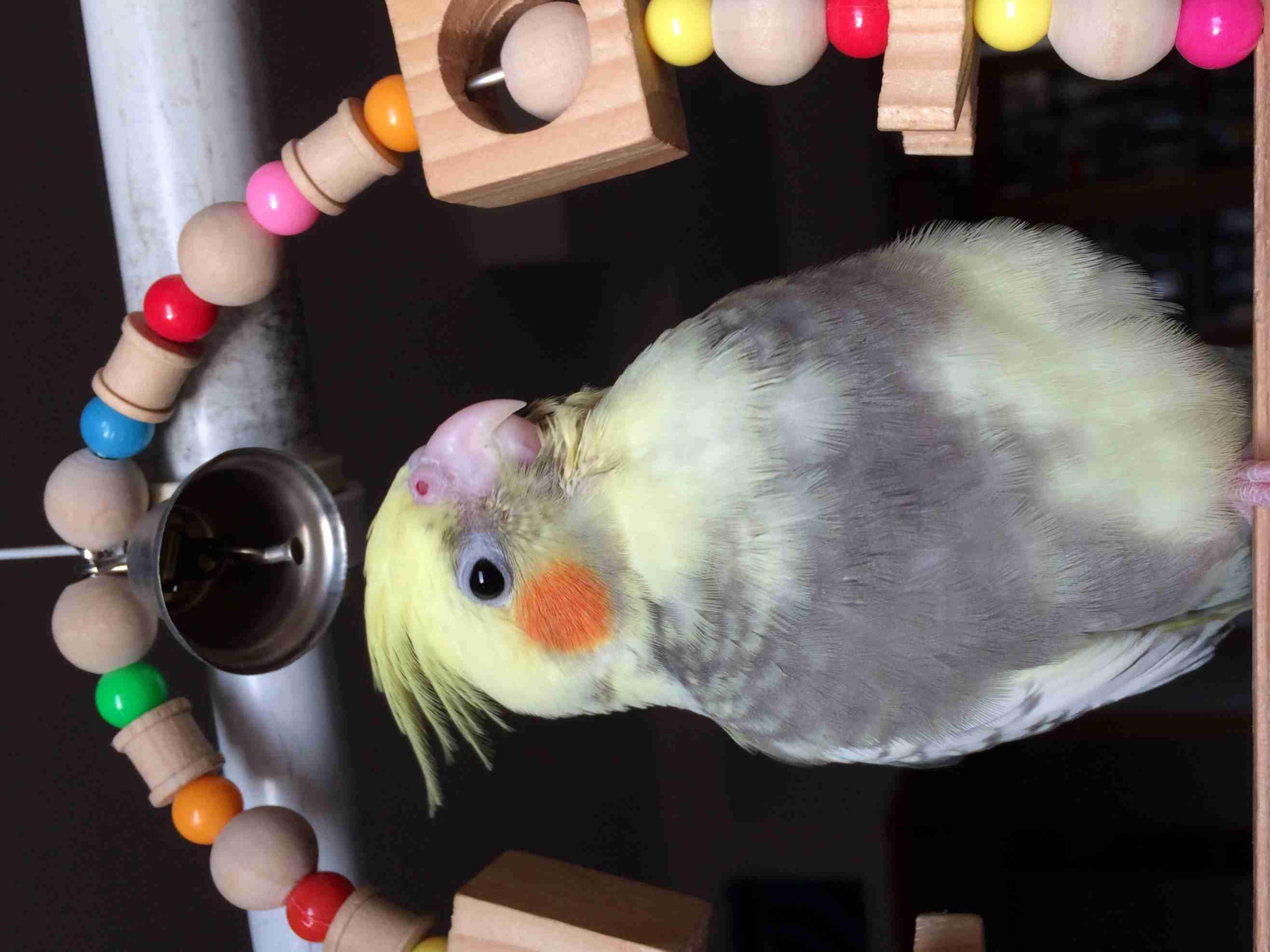 鳥が好きな方、集合ー！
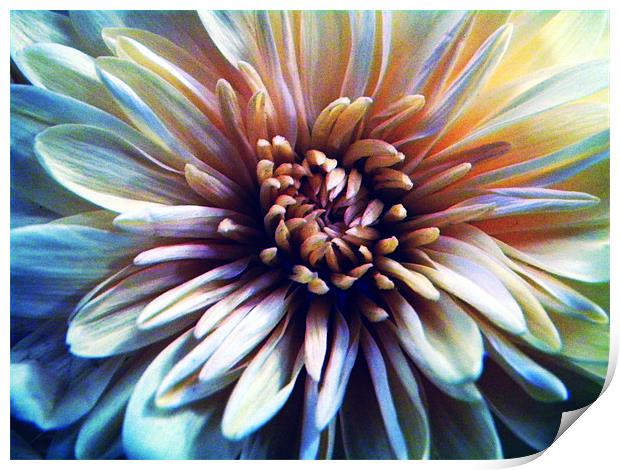 60's Flower Print by Ben Tasker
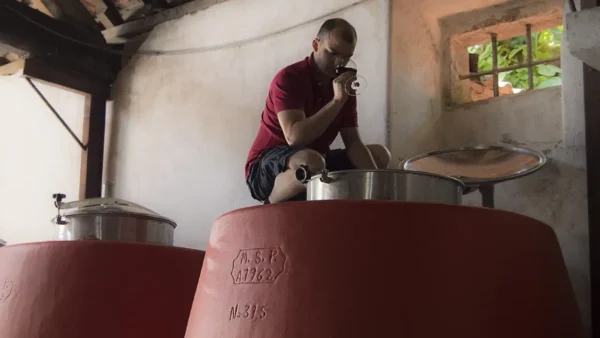 Carlos Raposo Dão, Vinhos Carlos Raposo, Carlos Raposo Vinhos Verdes, Vinhos Imperfeitos, Impecável Vinhos, Vinho Serra da Estrela, World Wines, Vinhos Imperfeitos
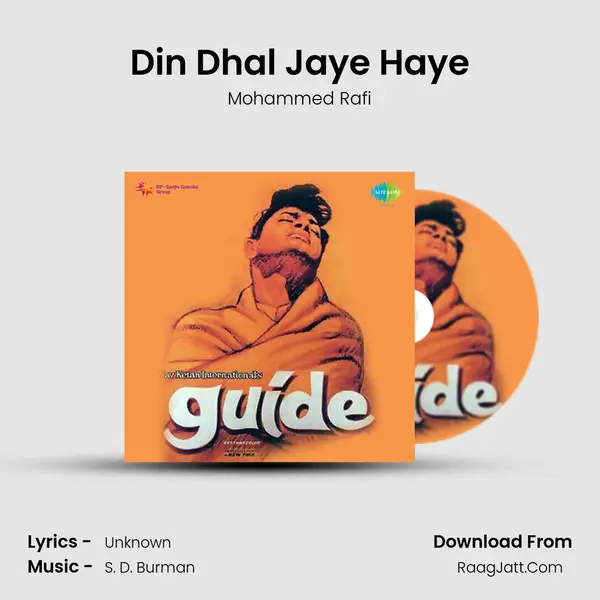 Din Dhal Jaye Haye Cover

------------------------------------------------------------------------

__WHAT YOU WILL DO__:
The lines from the one containing "60's Flower Print by Ben Tasker" through the final line of the data are to be repeated exactly, with both ends included and all pictures left out.

__ANSWER SPACE__:
 60's Flower Print by Ben Tasker
 Carlos Raposo Dão, Vinhos Carlos Raposo, Carlos Raposo Vinhos Verdes, Vinhos Imperfeitos, Impecável Vinhos, Vinho Serra da Estrela, World Wines, Vinhos Imperfeitos
 Din Dhal Jaye Haye Cover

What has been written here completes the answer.